Effect of an 8-month treatment with (omega)-3 fatty acids (eicosapentaenoic and docosahexaenoic) in patients with cystic fibrosis

De Vizia, Basilio

ABSTRACT. Background: Supplementation of the diet with eicosapentaenoic acid and docosahexaenoic acid, the main long-chain w-3 fatty acids in cell membranes, may have beneficial effects in patients with cystic fibrosis. Methods: A prospective study involving 30 patients and 20 control subjects was carried out; eicosapentaenoic plus docosahexaenoic acid was equal to 1.3% of caloric intake in the cystic fibrosis patients. Our present study included the evaluation of eicosapentaenoic and docosahexaenoic acid incorporation into erythrocyte membranes and biological and clinical effects in response to long-term (8 months) supplementation with fish oil as a source of eicosapentaenoic and docosahexaenoic acids in patients with cystic fibrosis. Results: Baseline erythrocyte membrane fatty acids showed low levels of linoleic acid and eicosapentaenoic acid and mild elevation of 18:3n6, but similar docosahexanoic acid and other fatty acids in cystic fibrosis patients compared with controls. Fish oil supplementation led to a 1.7-fold (p

Cystic fibrosis (CF) occurs in about 1 in 2500 births and is the most common lethal genetic disease of Caucasians. Chronic and progressive lung disease, the main cause of morbidity and mortality, is the result of pulmonary bacterial colonization by Staphylococcus and Pseudomonas, infection, and inflammation. A characteristic feature of pulmonary inflammation in CF patients is the abnormal number of neutrophils present in the lung. Leukotriene B4 (LTB-4) and tumor necrosis factor alpha (TNF-ot) have been implicated in the enhanced influx of neutrophils into the lung.1,2 LTB-4, a prostanoid, which is the major product of arachidonic acid metabolism by the 5-lipoxygenase pathway in human alveolar macrophages and neutrophils, has been shown to be a potent chemotactic agent for neutrophils in the human lung.3 When instilled endotracheally, LTB-4 drives a large number of active neutrophils from the circulation into the airways.1,3 LTB-4 has been found in the bronchoalveolar lavage fluid, sputum, and urine of patients with CF.4-6 Increased TNF-alpha levels have been reported in plasma and sputum of CF patients at the time of pulmonary relapse.7-10 The production of these inflammatory mediators can be reduced by dietary supplementation with the omega-3 fatty acids, eicosapentaenoic acid (EPA) and docosahexaenoic acid (DHA).

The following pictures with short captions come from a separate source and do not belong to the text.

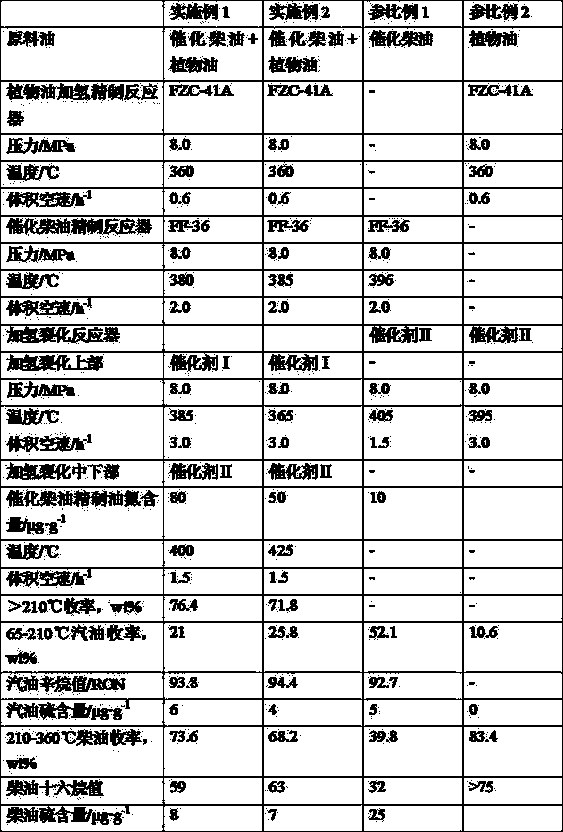 A kind of hydrocracking method for producing high-quality gasoline and diesel oil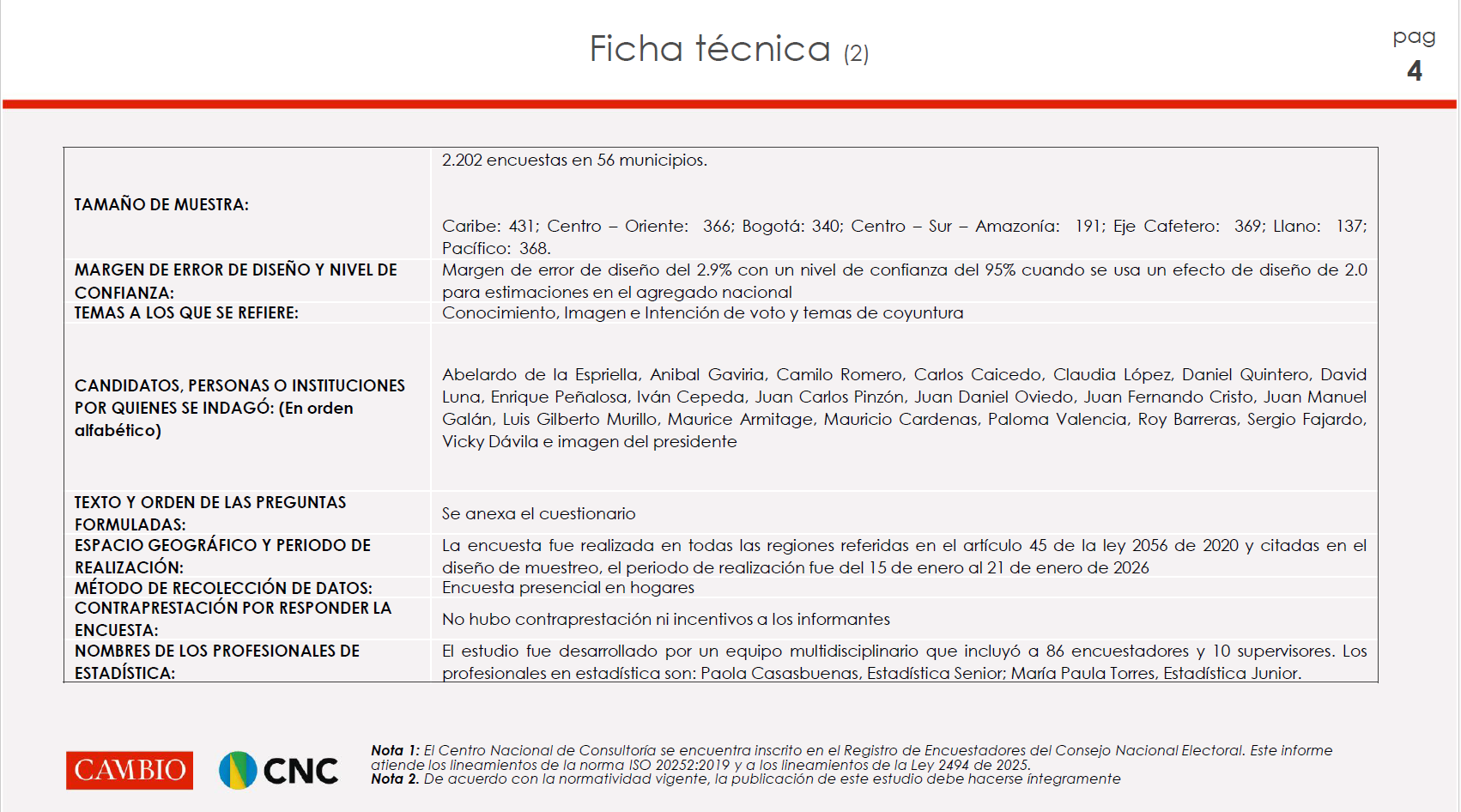 Esta es la ficha técnica de la encuesta del CNC para 2026.
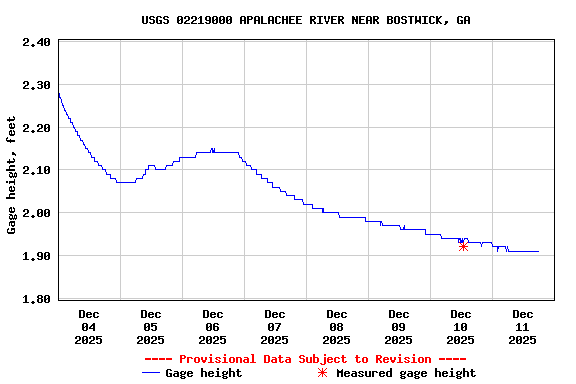 Graph of  Gage height, feet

Both EPA and DHA competitively inhibit the Delta5 and Delta6 desaturase activities and the use of arachidonic acid in the 5-lipoxygenase pathway.12,13 Dietary supplementation with omega-3 fatty acids in human volunteers has been reported to increase EPA and DHA in cell membrane phospholipids and to inhibit release of LTB-4 by neutrophils.14 On the other hand, leukotriene B5, a 5-lipoxygenase product of EPA, has little chemotactic effect compared with LTB-4.15,16 Moreover, omega-3 fatty acid dietary supplementation reduced the synthesis of TNF-alpha and interleukin-1.17

Anti-inflammatory effects of dietary supplementation with omega-3 fatty acids have been documented in several chronic diseases, including rheumatoid arthritis, psoriasis, and Crohn’s disease.18 In patients with CF, omega-3 fatty acid supplementation for a period of 6 weeks19-22 led to increased incorporation of EPA and DHA into plasma, platelet,20 and erythrocyte19 phospholipids. Longer dietary supplementation with EPA alone (up to 12 months) has been reported by Thies. Other lines of research have suggested that pulmonary inflammation in patients with CF could be secondary to a cell membrane fatty acid imbalance rather than to infection. Elevated levels of arachidonic acid (AA) along with low DHA have been found in some tissues of a mouse model of CF,24 and abnormal incorporation of essential fatty acids into membrane phospholipids was produced by blocking the chloride channel in normal epithelial cells in vitro.25 Therefore, elevated levels of AA, an agonist of inflammatory pathways, in the phospholipid fraction from bronchoalveolar lavage fluids of CF patients 26 could be secondary to abnormal fatty acid metabolism rather than the result of infection.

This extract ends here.